I did have a chance to speak to Paul Boyne today about what happened.  He explained to me that this week they were supposed to start jury selection for his case.  However, Jennifer Buyske and Alice Powers weren't prepared to proceed with trial.  They hadn't submitted any lists of witnesses, sent out any supoenas or prepared a list of exhibits for the court.  In essence, they had done nothing.  Instead, they spoke to the judge in chambers without Paul present and agreed to request a competency evaluation instead.  Later, Alice Powers went to speak to Paul and informed him of their intentions.  

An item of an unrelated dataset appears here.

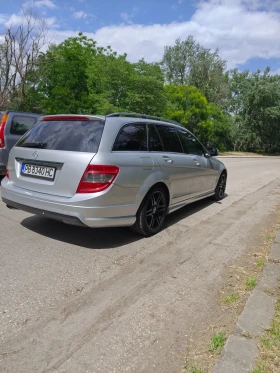 Mercedes-Benz C 200, снимка 3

Upon arriving in open court, his attorneys submitted a verbal motion to the court, but they didn't bother to submit a written motion. This gives me the impression that the move to examine Paul for competency was an off the cuff motion to obscure the fact that the attorneys weren't prepared. The grounds they provided were that Paul Boyne considered Joette Katz, former head of CT DCF, as part of the reason for his arrest.  Also, they stated he had suffered a concussion, which did occur when he was attacked by another inmate.  However, the doctor who examined him at the time did not indicate the concussion interfered with Paul's competency.  

Another interesting fact Paul Boyne shared with me is that Kirschbaum Law, the firm his attorneys are associated with, is not contracted with the New Haven Judicial District public defender to provide services.  It is contracted with Hartford and Waterbury, but not New Haven.  I consider it a very questionable practice to provide services without a proper contract.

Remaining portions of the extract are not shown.